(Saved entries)

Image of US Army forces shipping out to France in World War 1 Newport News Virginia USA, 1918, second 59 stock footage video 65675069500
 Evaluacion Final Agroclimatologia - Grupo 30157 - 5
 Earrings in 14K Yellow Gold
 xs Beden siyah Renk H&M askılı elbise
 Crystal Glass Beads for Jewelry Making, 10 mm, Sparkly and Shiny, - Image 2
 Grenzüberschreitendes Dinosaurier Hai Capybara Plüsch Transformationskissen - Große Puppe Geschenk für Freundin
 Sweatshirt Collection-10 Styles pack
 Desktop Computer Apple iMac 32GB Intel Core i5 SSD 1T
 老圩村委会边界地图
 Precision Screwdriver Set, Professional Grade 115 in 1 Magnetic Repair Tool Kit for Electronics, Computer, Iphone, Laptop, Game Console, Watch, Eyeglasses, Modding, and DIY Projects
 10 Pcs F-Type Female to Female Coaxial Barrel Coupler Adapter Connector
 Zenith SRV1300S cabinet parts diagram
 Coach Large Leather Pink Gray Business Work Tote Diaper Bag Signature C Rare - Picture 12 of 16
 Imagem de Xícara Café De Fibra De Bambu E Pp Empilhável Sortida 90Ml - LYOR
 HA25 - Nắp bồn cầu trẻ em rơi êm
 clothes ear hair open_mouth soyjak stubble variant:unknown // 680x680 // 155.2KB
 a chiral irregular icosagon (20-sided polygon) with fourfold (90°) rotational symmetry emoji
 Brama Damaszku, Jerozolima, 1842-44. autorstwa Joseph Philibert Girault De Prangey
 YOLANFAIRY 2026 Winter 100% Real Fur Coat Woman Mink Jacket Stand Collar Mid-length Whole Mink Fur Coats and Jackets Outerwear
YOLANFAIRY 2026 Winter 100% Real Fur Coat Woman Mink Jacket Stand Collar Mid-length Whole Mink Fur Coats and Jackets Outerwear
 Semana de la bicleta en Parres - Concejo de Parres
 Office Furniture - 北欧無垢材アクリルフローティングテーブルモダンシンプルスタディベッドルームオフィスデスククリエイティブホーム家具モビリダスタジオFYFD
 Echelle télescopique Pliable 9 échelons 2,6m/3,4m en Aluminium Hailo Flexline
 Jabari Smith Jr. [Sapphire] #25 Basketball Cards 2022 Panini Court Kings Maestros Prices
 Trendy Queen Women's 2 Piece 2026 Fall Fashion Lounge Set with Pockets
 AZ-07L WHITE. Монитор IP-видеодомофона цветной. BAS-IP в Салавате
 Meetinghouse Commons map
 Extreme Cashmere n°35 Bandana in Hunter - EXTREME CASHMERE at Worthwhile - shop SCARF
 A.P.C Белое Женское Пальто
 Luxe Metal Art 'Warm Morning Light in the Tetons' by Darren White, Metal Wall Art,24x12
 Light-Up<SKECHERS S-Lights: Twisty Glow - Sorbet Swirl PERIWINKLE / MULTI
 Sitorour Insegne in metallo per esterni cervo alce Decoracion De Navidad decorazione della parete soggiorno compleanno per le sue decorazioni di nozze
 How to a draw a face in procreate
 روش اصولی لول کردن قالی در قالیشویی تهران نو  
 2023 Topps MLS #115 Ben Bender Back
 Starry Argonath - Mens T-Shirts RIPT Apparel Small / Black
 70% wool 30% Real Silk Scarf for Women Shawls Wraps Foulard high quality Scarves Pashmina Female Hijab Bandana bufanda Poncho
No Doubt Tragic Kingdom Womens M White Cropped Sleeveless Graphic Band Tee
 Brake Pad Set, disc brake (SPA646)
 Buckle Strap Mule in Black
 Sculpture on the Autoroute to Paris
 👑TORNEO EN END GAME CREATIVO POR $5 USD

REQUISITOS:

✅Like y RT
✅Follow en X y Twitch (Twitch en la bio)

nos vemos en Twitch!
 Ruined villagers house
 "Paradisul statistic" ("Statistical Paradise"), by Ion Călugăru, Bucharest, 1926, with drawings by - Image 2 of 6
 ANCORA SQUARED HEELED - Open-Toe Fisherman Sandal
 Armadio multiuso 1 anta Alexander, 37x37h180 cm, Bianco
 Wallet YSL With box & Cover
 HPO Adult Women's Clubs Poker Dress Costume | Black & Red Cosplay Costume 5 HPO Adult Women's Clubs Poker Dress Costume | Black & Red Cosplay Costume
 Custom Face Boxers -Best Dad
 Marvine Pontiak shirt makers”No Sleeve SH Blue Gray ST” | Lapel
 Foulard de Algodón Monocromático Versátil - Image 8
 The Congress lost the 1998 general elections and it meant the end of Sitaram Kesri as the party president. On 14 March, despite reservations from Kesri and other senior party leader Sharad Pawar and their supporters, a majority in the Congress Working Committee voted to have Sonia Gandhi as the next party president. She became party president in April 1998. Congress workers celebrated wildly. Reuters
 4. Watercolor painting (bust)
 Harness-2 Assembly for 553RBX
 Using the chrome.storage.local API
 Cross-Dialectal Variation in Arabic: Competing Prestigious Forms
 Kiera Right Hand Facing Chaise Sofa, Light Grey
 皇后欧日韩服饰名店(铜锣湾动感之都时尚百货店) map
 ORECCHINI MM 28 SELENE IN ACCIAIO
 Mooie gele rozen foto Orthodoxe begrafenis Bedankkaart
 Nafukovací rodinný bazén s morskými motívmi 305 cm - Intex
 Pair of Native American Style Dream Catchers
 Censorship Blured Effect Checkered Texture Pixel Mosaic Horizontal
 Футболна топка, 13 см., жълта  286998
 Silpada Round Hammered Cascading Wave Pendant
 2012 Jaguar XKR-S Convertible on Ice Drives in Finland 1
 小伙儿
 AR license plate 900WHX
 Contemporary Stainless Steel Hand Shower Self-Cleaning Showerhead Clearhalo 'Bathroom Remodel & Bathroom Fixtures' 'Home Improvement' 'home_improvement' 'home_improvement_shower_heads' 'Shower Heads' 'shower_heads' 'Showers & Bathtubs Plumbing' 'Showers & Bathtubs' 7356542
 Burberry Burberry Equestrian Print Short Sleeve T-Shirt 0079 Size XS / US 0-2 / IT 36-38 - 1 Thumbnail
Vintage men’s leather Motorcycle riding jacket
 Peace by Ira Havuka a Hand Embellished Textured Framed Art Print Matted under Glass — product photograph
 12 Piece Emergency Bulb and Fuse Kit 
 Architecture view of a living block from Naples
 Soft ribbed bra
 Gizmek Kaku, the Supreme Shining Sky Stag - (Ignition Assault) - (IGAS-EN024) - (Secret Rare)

#### What the task asks
Restate the records exactly. Leave nothing out.

#### Result
Image of US Army forces shipping out to France in World War 1 Newport News Virginia USA, 1918, second 59 stock footage video 65675069500
 Evaluacion Final Agroclimatologia - Grupo 30157 - 5
 Earrings in 14K Yellow Gold
 xs Beden siyah Renk H&M askılı elbise
 Crystal Glass Beads for Jewelry Making, 10 mm, Sparkly and Shiny, - Image 2
 Grenzüberschreitendes Dinosaurier Hai Capybara Plüsch Transformationskissen - Große Puppe Geschenk für Freundin
 Sweatshirt Collection-10 Styles pack
 Desktop Computer Apple iMac 32GB Intel Core i5 SSD 1T
 老圩村委会边界地图
 Precision Screwdriver Set, Professional Grade 115 in 1 Magnetic Repair Tool Kit for Electronics, Computer, Iphone, Laptop, Game Console, Watch, Eyeglasses, Modding, and DIY Projects
 10 Pcs F-Type Female to Female Coaxial Barrel Coupler Adapter Connector
 Zenith SRV1300S cabinet parts diagram
 Coach Large Leather Pink Gray Business Work Tote Diaper Bag Signature C Rare - Picture 12 of 16
 Imagem de Xícara Café De Fibra De Bambu E Pp Empilhável Sortida 90Ml - LYOR
 HA25 - Nắp bồn cầu trẻ em rơi êm
 clothes ear hair open_mouth soyjak stubble variant:unknown // 680x680 // 155.2KB
 a chiral irregular icosagon (20-sided polygon) with fourfold (90°) rotational symmetry emoji
 Brama Damaszku, Jerozolima, 1842-44. autorstwa Joseph Philibert Girault De Prangey
 YOLANFAIRY 2026 Winter 100% Real Fur Coat Woman Mink Jacket Stand Collar Mid-length Whole Mink Fur Coats and Jackets Outerwear
YOLANFAIRY 2026 Winter 100% Real Fur Coat Woman Mink Jacket Stand Collar Mid-length Whole Mink Fur Coats and Jackets Outerwear
 Semana de la bicleta en Parres - Concejo de Parres
 Office Furniture - 北欧無垢材アクリルフローティングテーブルモダンシンプルスタディベッドルームオフィスデスククリエイティブホーム家具モビリダスタジオFYFD
 Echelle télescopique Pliable 9 échelons 2,6m/3,4m en Aluminium Hailo Flexline
 Jabari Smith Jr. [Sapphire] #25 Basketball Cards 2022 Panini Court Kings Maestros Prices
 Trendy Queen Women's 2 Piece 2026 Fall Fashion Lounge Set with Pockets
 AZ-07L WHITE. Монитор IP-видеодомофона цветной. BAS-IP в Салавате
 Meetinghouse Commons map
 Extreme Cashmere n°35 Bandana in Hunter - EXTREME CASHMERE at Worthwhile - shop SCARF
 A.P.C Белое Женское Пальто
 Luxe Metal Art 'Warm Morning Light in the Tetons' by Darren White, Metal Wall Art,24x12
 Light-Up<SKECHERS S-Lights: Twisty Glow - Sorbet Swirl PERIWINKLE / MULTI
 Sitorour Insegne in metallo per esterni cervo alce Decoracion De Navidad decorazione della parete soggiorno compleanno per le sue decorazioni di nozze
 How to a draw a face in procreate
 روش اصولی لول کردن قالی در قالیشویی تهران نو  
 2023 Topps MLS #115 Ben Bender Back
 Starry Argonath - Mens T-Shirts RIPT Apparel Small / Black
 70% wool 30% Real Silk Scarf for Women Shawls Wraps Foulard high quality Scarves Pashmina Female Hijab Bandana bufanda Poncho
No Doubt Tragic Kingdom Womens M White Cropped Sleeveless Graphic Band Tee
 Brake Pad Set, disc brake (SPA646)
 Buckle Strap Mule in Black
 Sculpture on the Autoroute to Paris
 👑TORNEO EN END GAME CREATIVO POR $5 USD

REQUISITOS:

✅Like y RT
✅Follow en X y Twitch (Twitch en la bio)

nos vemos en Twitch!
 Ruined villagers house
 "Paradisul statistic" ("Statistical Paradise"), by Ion Călugăru, Bucharest, 1926, with drawings by - Image 2 of 6
 ANCORA SQUARED HEELED - Open-Toe Fisherman Sandal
 Armadio multiuso 1 anta Alexander, 37x37h180 cm, Bianco
 Wallet YSL With box & Cover
 HPO Adult Women's Clubs Poker Dress Costume | Black & Red Cosplay Costume 5 HPO Adult Women's Clubs Poker Dress Costume | Black & Red Cosplay Costume
 Custom Face Boxers -Best Dad
 Marvine Pontiak shirt makers”No Sleeve SH Blue Gray ST” | Lapel
 Foulard de Algodón Monocromático Versátil - Image 8
 The Congress lost the 1998 general elections and it meant the end of Sitaram Kesri as the party president. On 14 March, despite reservations from Kesri and other senior party leader Sharad Pawar and their supporters, a majority in the Congress Working Committee voted to have Sonia Gandhi as the next party president. She became party president in April 1998. Congress workers celebrated wildly. Reuters
 4. Watercolor painting (bust)
 Harness-2 Assembly for 553RBX
 Using the chrome.storage.local API
 Cross-Dialectal Variation in Arabic: Competing Prestigious Forms
 Kiera Right Hand Facing Chaise Sofa, Light Grey
 皇后欧日韩服饰名店(铜锣湾动感之都时尚百货店) map
 ORECCHINI MM 28 SELENE IN ACCIAIO
 Mooie gele rozen foto Orthodoxe begrafenis Bedankkaart
 Nafukovací rodinný bazén s morskými motívmi 305 cm - Intex
 Pair of Native American Style Dream Catchers
 Censorship Blured Effect Checkered Texture Pixel Mosaic Horizontal
 Футболна топка, 13 см., жълта  286998
 Silpada Round Hammered Cascading Wave Pendant
 2012 Jaguar XKR-S Convertible on Ice Drives in Finland 1
 小伙儿
 AR license plate 900WHX
 Contemporary Stainless Steel Hand Shower Self-Cleaning Showerhead Clearhalo 'Bathroom Remodel & Bathroom Fixtures' 'Home Improvement' 'home_improvement' 'home_improvement_shower_heads' 'Shower Heads' 'shower_heads' 'Showers & Bathtubs Plumbing' 'Showers & Bathtubs' 7356542
 Burberry Burberry Equestrian Print Short Sleeve T-Shirt 0079 Size XS / US 0-2 / IT 36-38 - 1 Thumbnail
Vintage men’s leather Motorcycle riding jacket
 Peace by Ira Havuka a Hand Embellished Textured Framed Art Print Matted under Glass — product photograph
 12 Piece Emergency Bulb and Fuse Kit 
 Architecture view of a living block from Naples
 Soft ribbed bra
 Gizmek Kaku, the Supreme Shining Sky Stag - (Ignition Assault) - (IGAS-EN024) - (Secret Rare)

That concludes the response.